How would these twins survive? The breeder is Noahs Arch? She has like 3 special needs puppy's


----------



## Kathie (Jul 31, 2008)

Was the breeder trying to sell them?


----------



## dodrop82 (May 21, 2010)

I don't think they are siamese....they look like 2 separate pups to me....


----------



## morriscsps (Aug 17, 2010)

If you scroll down through the pics, there are a couple where you can see that they are separated. No mention of what the health problems are. http://www.noahslittleark.com/Sold_Havanese_Puppies_Detail.cfm?ID=878


----------



## Suzi (Oct 27, 2010)

dodrop82 said:


> I don't think they are siamese....they look like 2 separate pups to me....


 Now I feel really stupid I thought so maybe not What would the special need be I am trying to paste the web page I'll try agian

http://www.noahslittleark.com/Special_Needs_Havanese.cfm


----------



## Kathie (Jul 31, 2008)

They didn't mention health testing the parents, either.


----------



## andra (Aug 23, 2010)

I would not feel stupid Suzi  as it is confusing since the breeder does not specify what the problem is exactly and with which pup.

andra


----------



## The Laughing Magpie (Aug 20, 2009)

The dog JJ has a cleft lip and may have a palate problem. This is from awhile ago.


----------



## Suzi (Oct 27, 2010)

Gee:brick: I am sorry if I offended anyone I really thought the pups were joined together and I was concerned about them.


----------



## The Laughing Magpie (Aug 20, 2009)

Suzy, I don't know about the others....Why are you putting these pictures up? I don't think of them as amusing or fun. An example is the dog with the cleft lip and possible palate would have trouble feeding and it takes several operations to fix.


----------



## Suzi (Oct 27, 2010)

The Laughing Magpie said:


> Suzy, I don't know about the others....Why are you putting these pictures up? I don't think of them as amusing or fun. An example is the dog with the cleft lip and possible palate would have trouble feeding and it takes several operations to fix.

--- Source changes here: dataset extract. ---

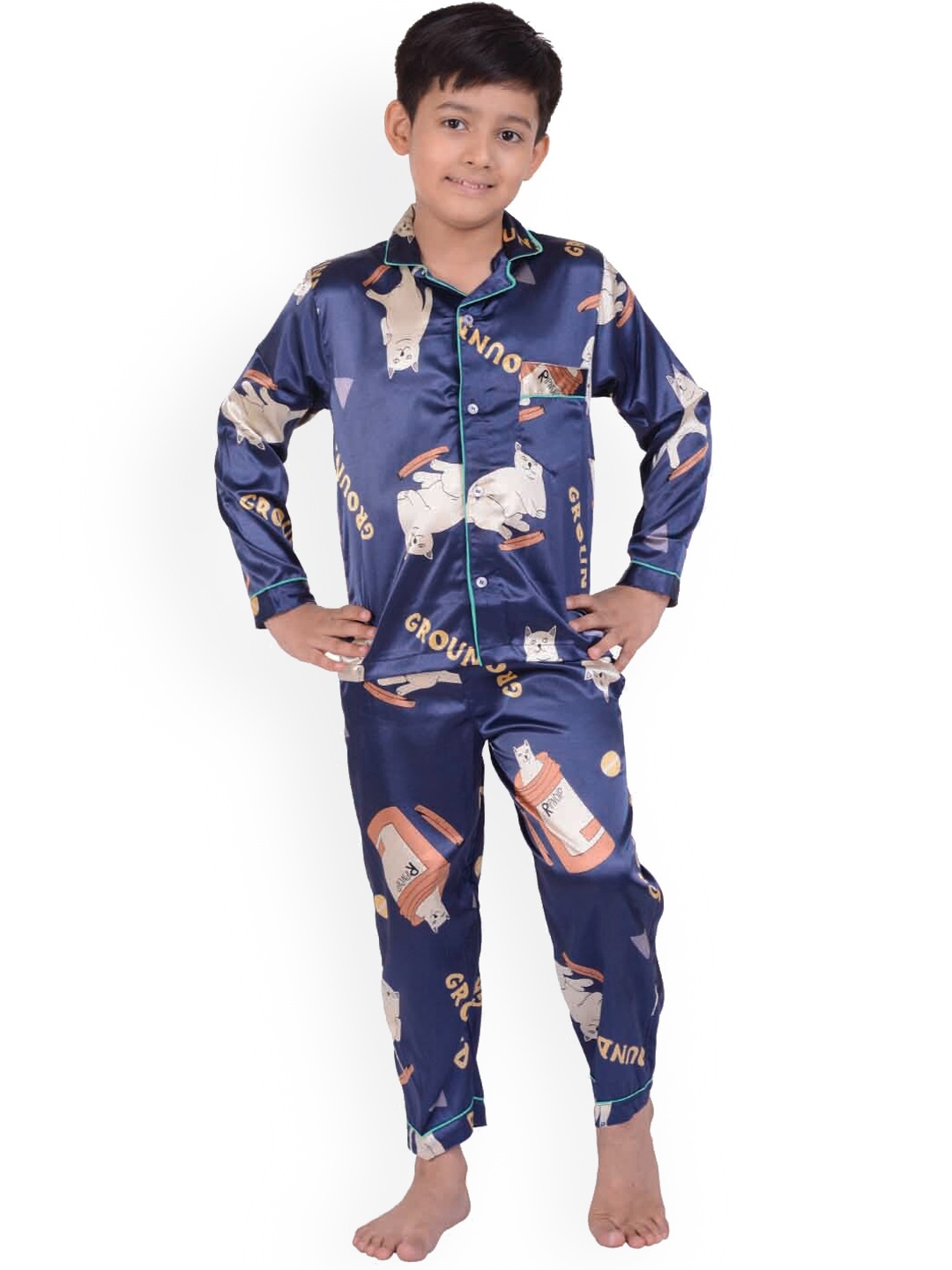 

Zoom Minimondo Unisex Kids Blue & Beige Printed Night Suit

 I did not think of them as amusing or fun sorry to offend you . I am glad the pups are not joined. The other pictures I just found interesting. It is a fact of life that sometimes these things happen. And I hope the pup with the cleft get the operations. The second dog on the site I think has dwarf legs And I am not sure about the ones I thought were joined together. 
I got the other pictures off the internet because I was trying to learn about animals that a joined. It is not funny at all.


----------



## Dana N (Jan 27, 2011)

Be real careful with that breeder.


----------